▸ **Material for the task**
^^^^

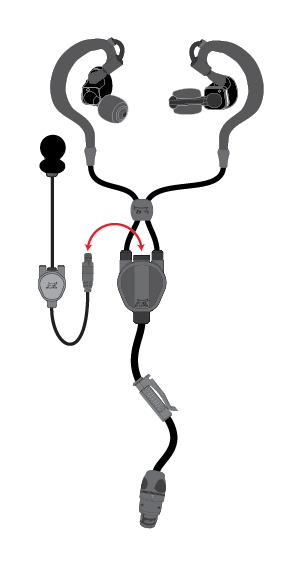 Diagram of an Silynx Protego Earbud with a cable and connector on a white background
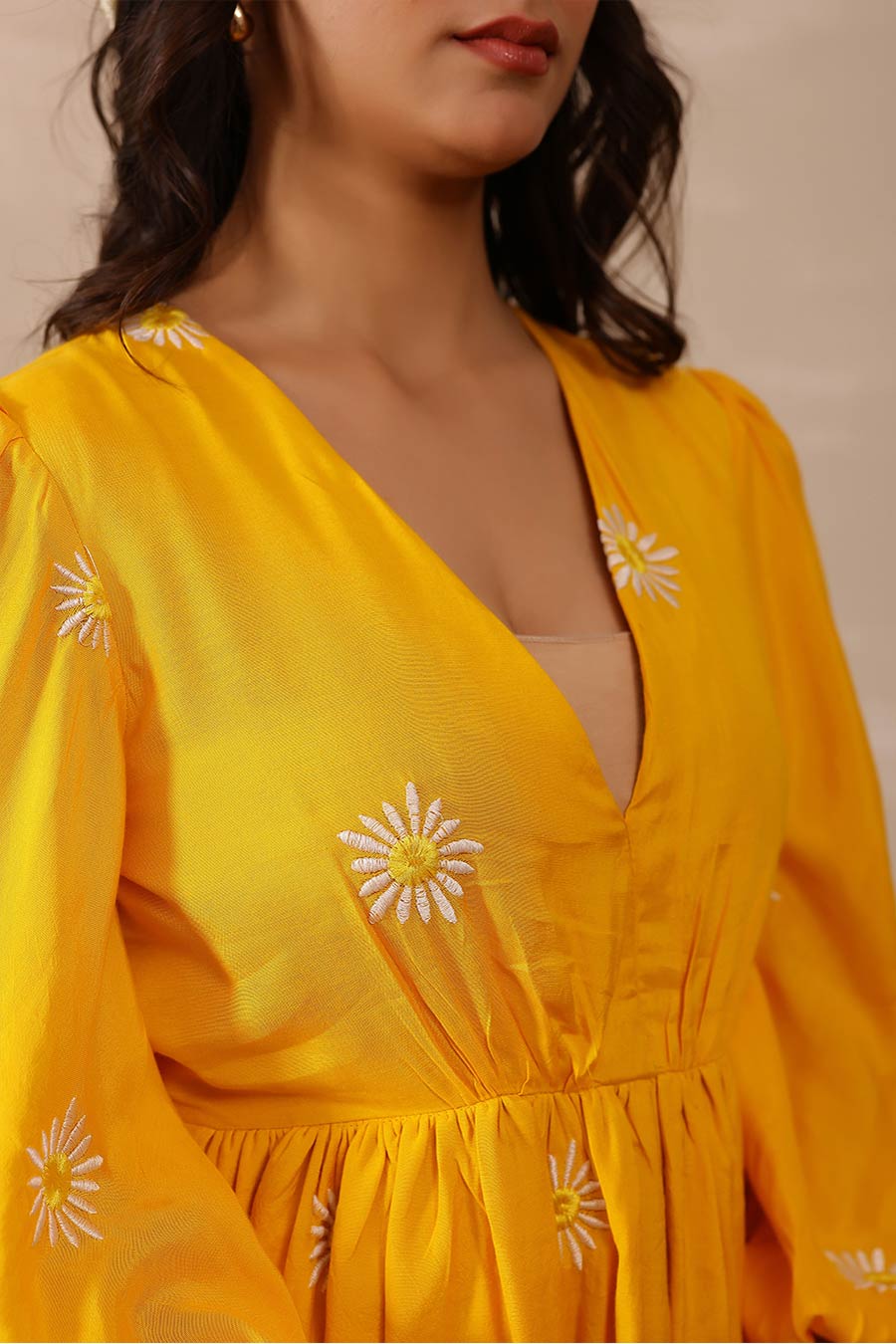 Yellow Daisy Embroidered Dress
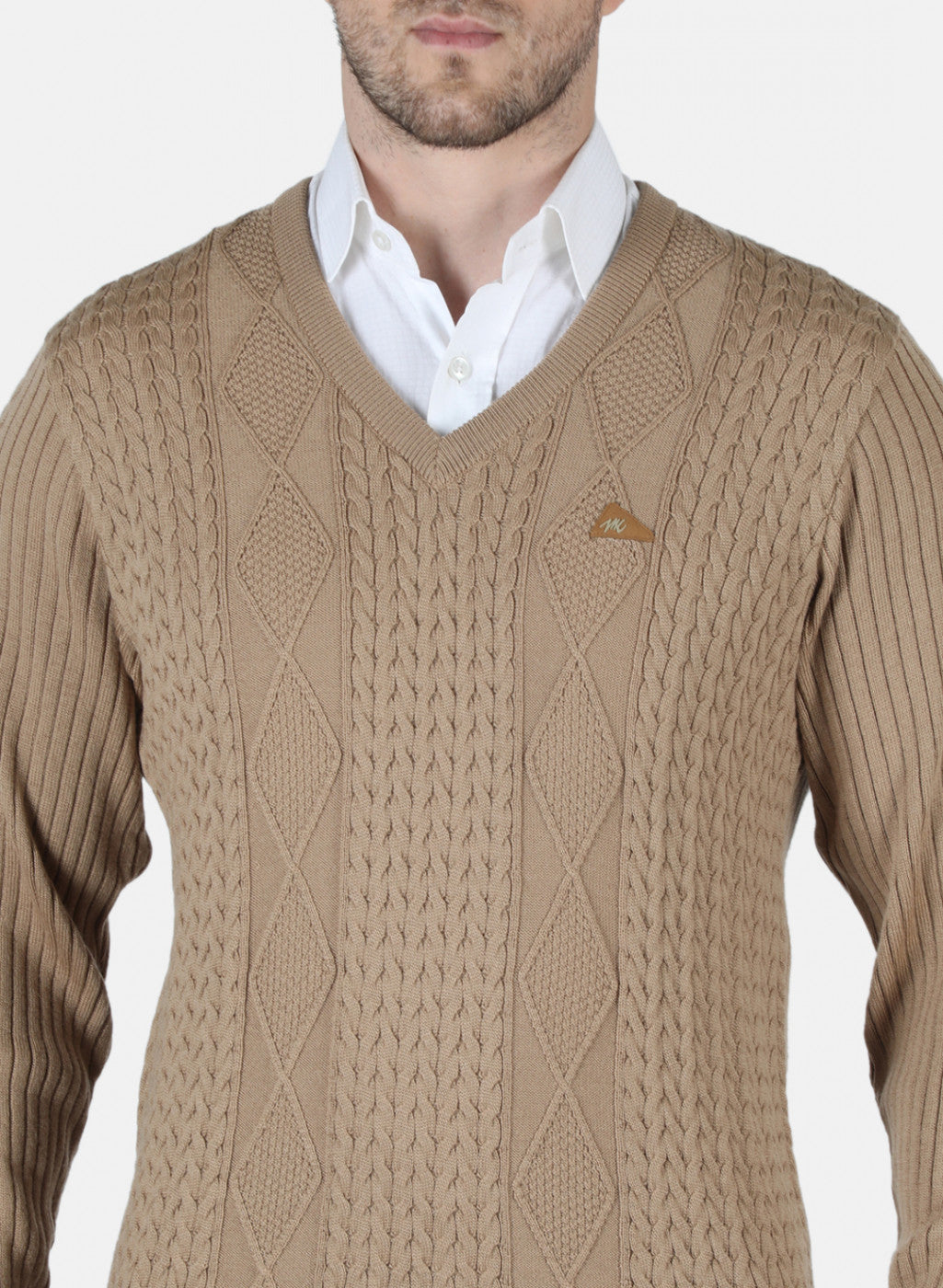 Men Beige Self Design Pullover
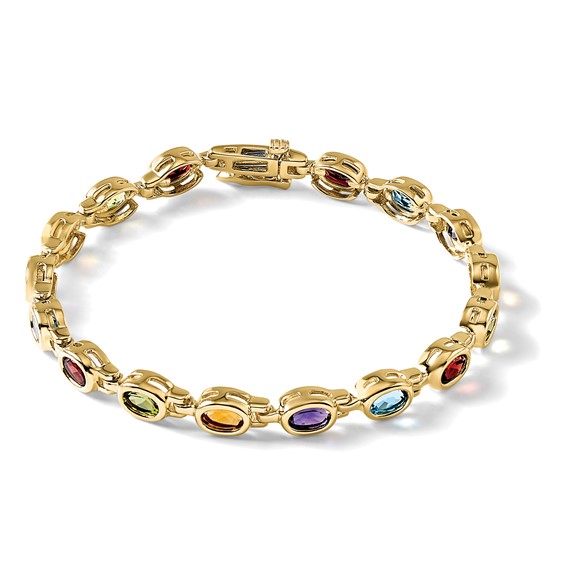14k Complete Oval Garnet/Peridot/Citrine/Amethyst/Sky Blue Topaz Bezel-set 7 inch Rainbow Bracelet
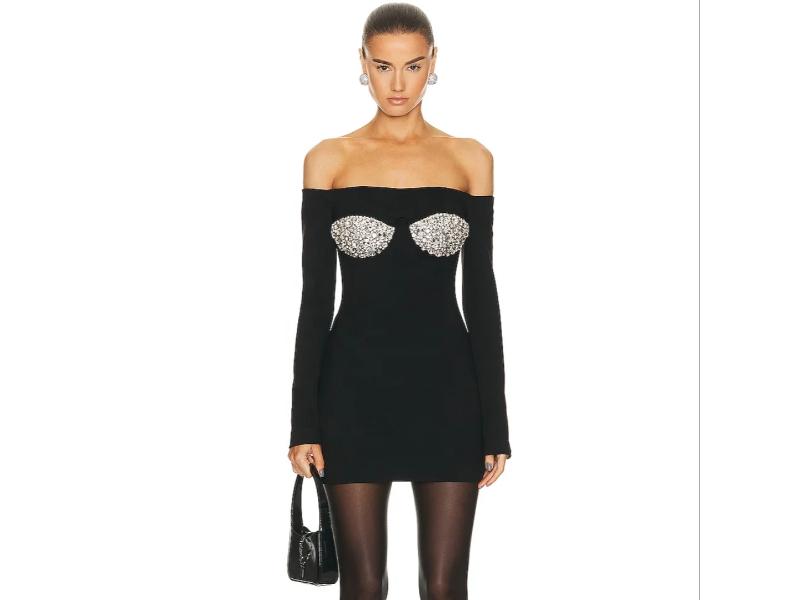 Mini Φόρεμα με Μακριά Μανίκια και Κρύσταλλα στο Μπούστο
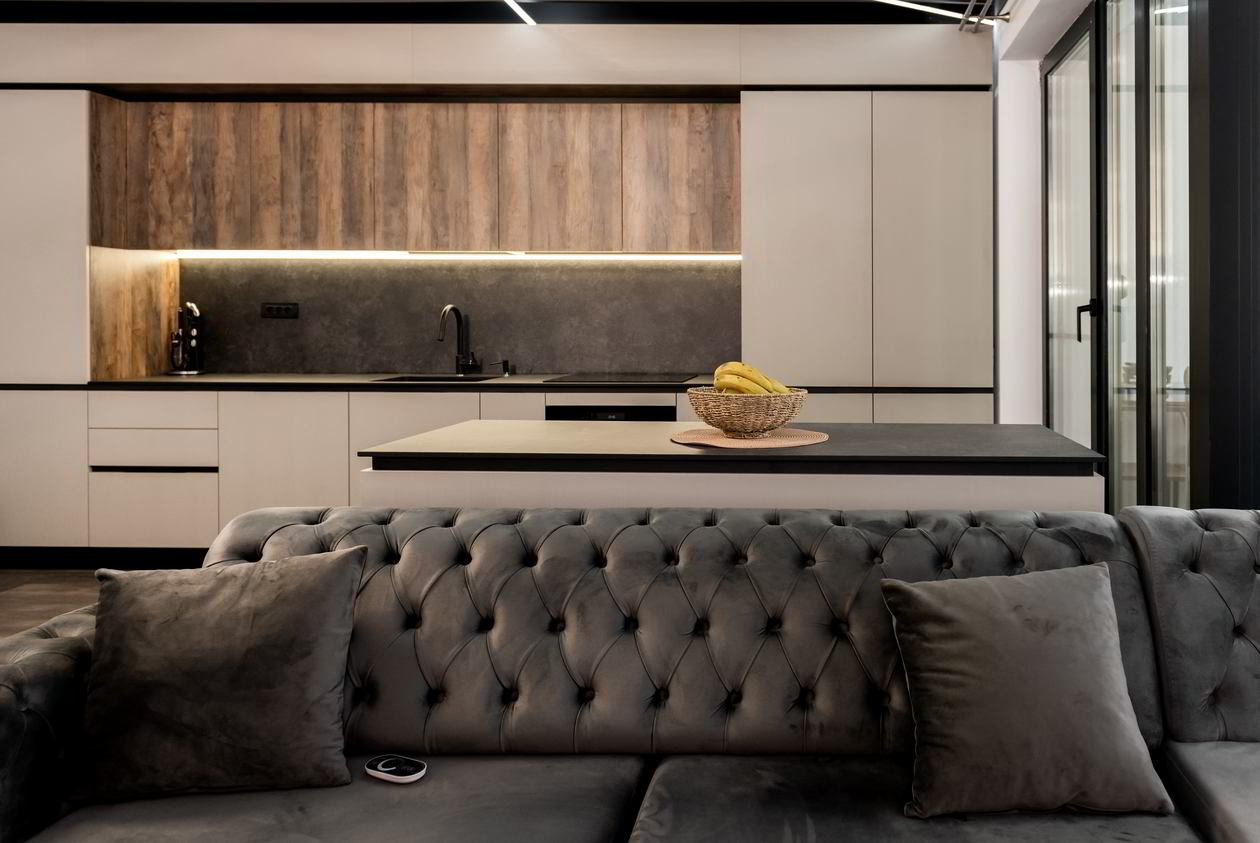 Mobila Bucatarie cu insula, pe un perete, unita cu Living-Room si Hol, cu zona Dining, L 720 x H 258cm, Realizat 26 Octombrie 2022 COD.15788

^^^^

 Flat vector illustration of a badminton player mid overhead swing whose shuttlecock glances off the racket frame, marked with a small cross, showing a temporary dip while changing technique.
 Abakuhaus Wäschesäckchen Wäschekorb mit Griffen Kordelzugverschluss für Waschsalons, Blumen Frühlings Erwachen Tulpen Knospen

^^^^

▸ **Instructions to follow**
Copy only the lines above from the one containing "Mini Φόρεμα με" through the one containing "Mobila Bucatarie cu", both included. Leave out the pictures.

▸ **Output for this exercise**
 Mini Φόρεμα με Μακριά Μανίκια και Κρύσταλλα στο Μπούστο
 Mobila Bucatarie cu insula, pe un perete, unita cu Living-Room si Hol, cu zona Dining, L 720 x H 258cm, Realizat 26 Octombrie 2022 COD.15788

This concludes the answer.